The movement of people is one of the most pressing issues of our time. As American lawmakers debate the fate of the approximately 12 million undocumented immigrants in the United States, armed conflicts in Syria, the Central African Republic, and South Sudan have provoked refugee crises on a scale unseen since the Second World War. A record number of migrants, primarily from Africa, packs the immigrant processing and holding center on the Mediterranean island of Lampedusa. Saudi Arabia has stepped up deportations of foreign workers from India, Pakistan, Bangladesh, and the Philippines. And the top court in the Dominican Republic has ruled that the descendants of undocumented Haitian migrants, even those born on Dominican soil decades ago, are ineligible for Dominican citizenship.
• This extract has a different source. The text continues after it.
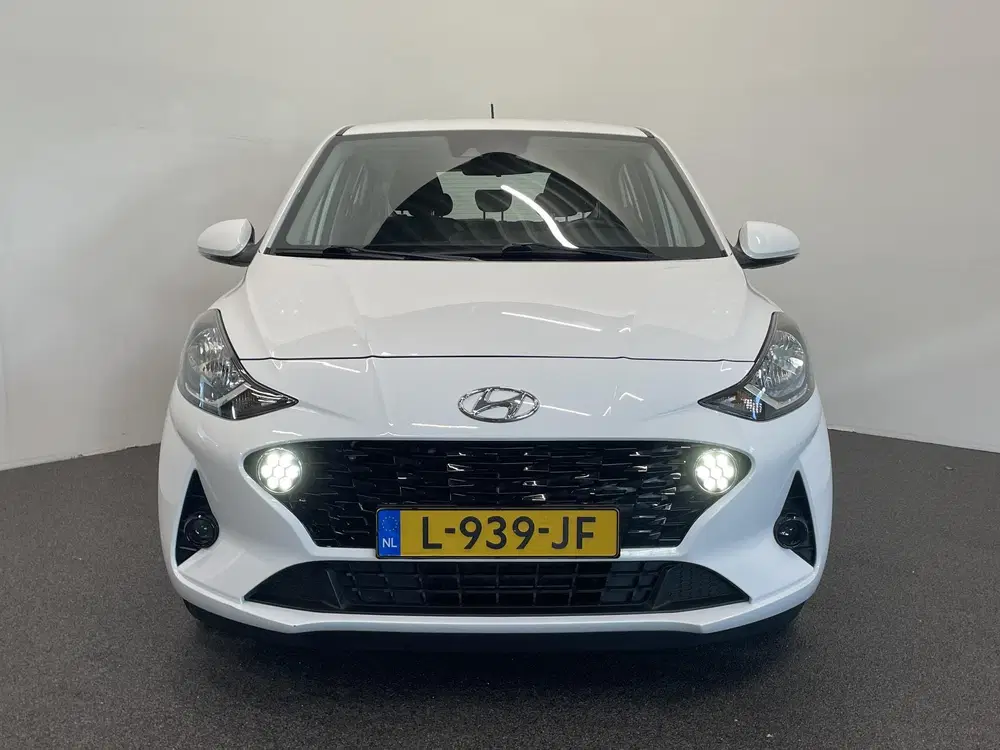 Hyundai I10 1.0 Automaat Comfort Smart 5-zits Airco Ap uit 2021, foto 2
Migration is a global issue, not simply a U.S. or North-South one. By comparing places and periods, Non-citizenship seeks to understand how the movement of people and their incorporation, marginalization, and exclusion challenge older notions of citizenship and alienage. The questions motivating this collaboration include: What does modern citizenship—a category dating back to the eighteenth century—mean in a world of citizens and non-citizens, such as undocumented immigrants, guest workers, permanent residents, refugees, asylum seekers, and those who are stateless? What happens when non-citizens are prohibited from becoming citizens? And what are the rights and obligations of denizens, citizen and non-citizen alike?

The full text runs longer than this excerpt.